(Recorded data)
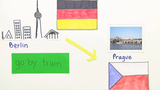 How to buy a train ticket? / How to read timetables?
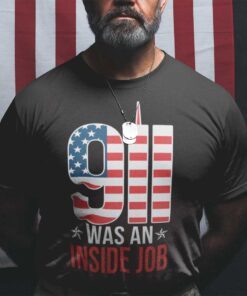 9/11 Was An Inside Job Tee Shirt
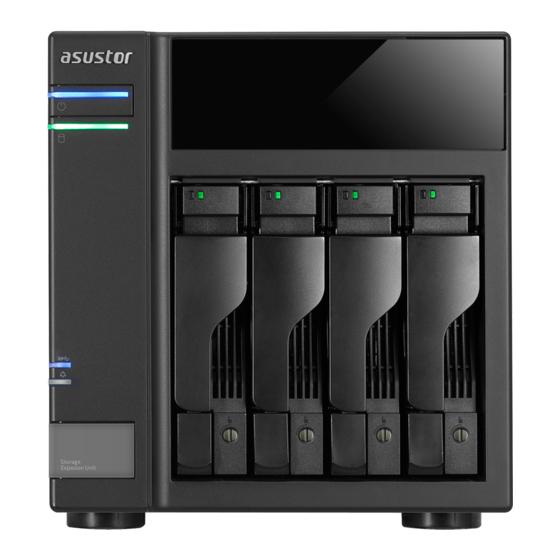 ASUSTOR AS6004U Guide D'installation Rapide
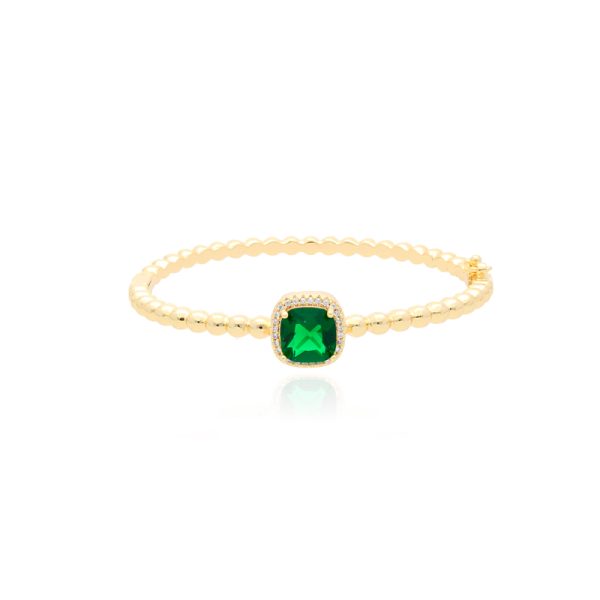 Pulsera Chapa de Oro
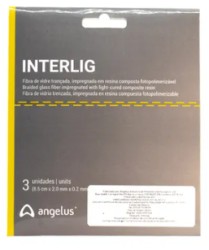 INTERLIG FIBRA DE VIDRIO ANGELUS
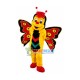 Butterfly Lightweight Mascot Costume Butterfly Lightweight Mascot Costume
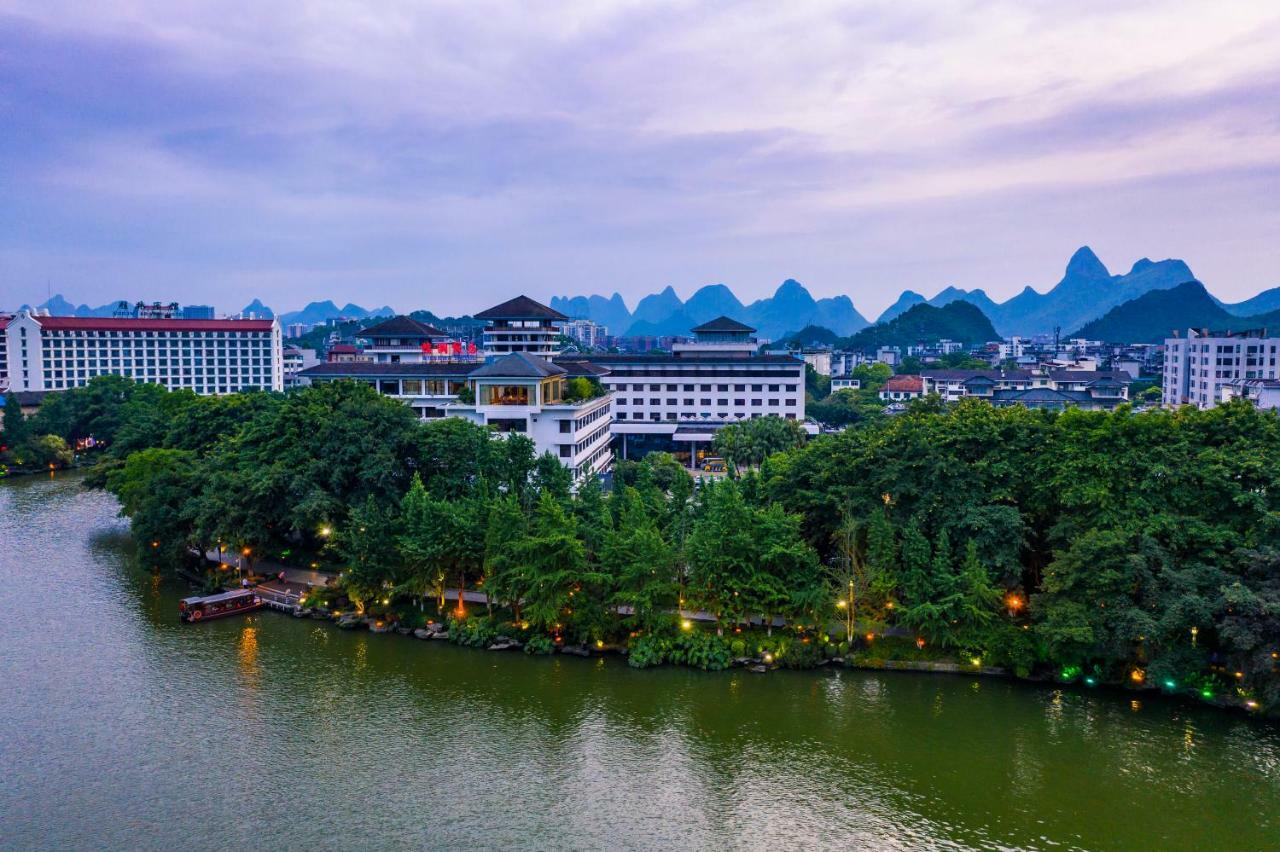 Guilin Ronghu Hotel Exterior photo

### [What you are asked to do]
Output all the entries exactly, minus any pictures.

### [Response box]
 How to buy a train ticket? / How to read timetables?
 9/11 Was An Inside Job Tee Shirt
 ASUSTOR AS6004U Guide D'installation Rapide
 Pulsera Chapa de Oro
 INTERLIG FIBRA DE VIDRIO ANGELUS
 Butterfly Lightweight Mascot Costume Butterfly Lightweight Mascot Costume
 Guilin Ronghu Hotel Exterior photo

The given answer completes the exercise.